The only county with experience in amphib operations is the US, it certainly isn’t China. They are virtually impossible to accomplish (and keep supplied) without complete air and sea superiority, and that’s not an easy task.

While the PLA(N) has come a long way over the last decade, they are still well behind the US Navy. The day may come when they are superior, but it’s not today. Additionally, many if not most of the major nations in the pacific rim are not supportive of more domination by China. Australia, New Zealand, Japan, the Philippines, South Korea, Viet Nam and the like would support the US and Taiwan to some degree.

And I don’t believe that the PRC wants to start a nuclear war of Taiwan either.

As I’ve said in past threads, I think it’s far less likely than a lot of western media likes to portray, and we should be wary of people implying we need to do something to stop a supposedly imminent attack.

Not that China are the good guys, but they are generally happy to play the looong game. Munching on islands in the SCS and gradually being more bold in the strait is their style. If you were to tell Xi that Taiwan would be reunited in 50 years he’d be delighted.

China successfully invaded Hainan. In 1950.

The problem is American military planners assume that the only way an amphibious invasion can be successfully conducted is the way American military planners would do it.

Another problem is military planners are often too complacent about ignoring changes in military technology. They tend to assume that whatever factors determine military superiority remain unchanged - until a battle destroys their assumption.

Prior to WWII, navies assume that naval superiority was based on how big your battleships were and how many of them you had. Then the war started and countries found out that battleships were generally irrelevant because a plane or a submarine could sink one long before it ever saw an enemy battleship.

The same thing might be happening now. The American navy bases itself around aircraft carriers and assumes it has naval superiority because it has more carriers than all the other countries in the world combined.

But China has developed a series of missiles designed to sink aircraft carriers at a range of several hundred miles. And it’s been deploying hundreds of these missiles along its coast. And extensively training and test firing them.

So what happens when all of America’s plans to defend Taiwan against a Chinese invasion assume the presence of American carriers - and those carriers find they can’t approach within five hundred miles of Taiwan?

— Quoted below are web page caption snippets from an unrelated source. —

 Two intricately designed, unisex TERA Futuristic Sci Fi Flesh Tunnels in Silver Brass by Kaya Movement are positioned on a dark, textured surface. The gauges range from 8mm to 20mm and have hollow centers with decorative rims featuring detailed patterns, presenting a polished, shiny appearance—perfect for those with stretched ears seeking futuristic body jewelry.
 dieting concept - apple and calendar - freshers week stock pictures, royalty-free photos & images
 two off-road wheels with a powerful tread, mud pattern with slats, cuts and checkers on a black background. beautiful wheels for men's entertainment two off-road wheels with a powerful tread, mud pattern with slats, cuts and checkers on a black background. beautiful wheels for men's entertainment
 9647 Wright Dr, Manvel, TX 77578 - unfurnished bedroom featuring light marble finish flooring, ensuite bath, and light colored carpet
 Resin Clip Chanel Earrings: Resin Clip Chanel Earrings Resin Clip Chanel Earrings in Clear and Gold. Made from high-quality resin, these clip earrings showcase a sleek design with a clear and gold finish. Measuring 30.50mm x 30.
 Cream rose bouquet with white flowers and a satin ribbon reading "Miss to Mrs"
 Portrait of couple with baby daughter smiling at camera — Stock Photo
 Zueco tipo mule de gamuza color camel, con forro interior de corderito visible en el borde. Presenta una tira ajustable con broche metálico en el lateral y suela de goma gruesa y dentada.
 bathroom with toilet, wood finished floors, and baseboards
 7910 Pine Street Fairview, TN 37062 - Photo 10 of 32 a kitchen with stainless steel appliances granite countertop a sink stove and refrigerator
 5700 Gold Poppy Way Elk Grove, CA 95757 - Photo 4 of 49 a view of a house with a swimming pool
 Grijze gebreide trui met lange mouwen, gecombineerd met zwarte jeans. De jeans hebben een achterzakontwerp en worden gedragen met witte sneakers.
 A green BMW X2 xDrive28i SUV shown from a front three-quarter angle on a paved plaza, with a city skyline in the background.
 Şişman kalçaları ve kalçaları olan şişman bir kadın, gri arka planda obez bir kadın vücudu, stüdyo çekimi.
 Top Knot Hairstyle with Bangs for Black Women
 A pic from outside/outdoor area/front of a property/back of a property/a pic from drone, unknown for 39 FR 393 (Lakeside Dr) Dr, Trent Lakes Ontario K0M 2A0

IMHO, America would be well-suited to employ only stealth bombers and submarines against China in a Taiwan scenario. Those two things have the advantage of being 1) hard to detect and also 2) putting relatively few American lives at risk, while still packing firepower. Aircraft carrier battle groups, while bringing additional firepower and air cover, would not be worth the potential loss of many thousands of lives.

But in response to the talk about amphibious invasion, there is also the alternate method China might use, of air assault. With Taiwan being only 90 miles away, it is well within range of helicopters. If China used its 1,500 or so helicopters, it could conceivably put, say, a hundred thousand invasion troops on Taiwan in 24 hours’ time, with the choppers flying back and forth on repeated ferry trips. But those helos would be vulnerable to Stingers and other SAMs, and those infantry would likely have no heavy weapons they could bring for firepower.

In general I agree with your POV that China plays long & slow and has done so reliably for ~75 years now.

OTOH …

Xi himself is a bit of a man in a hurry. He’s now age 71 with maybe another 15 years of vigor left in him. He unquestionably wants China to have Taiwan. He also wants to be the guy who did it.

All the various arguments about “Peak China” due to demographics, economics, pollution, political change, climate change, etc., indicate a society with at least some awareness that although they go from strength to strength now, that window may be closing soon. Which is another force that counsels impatience, not patience.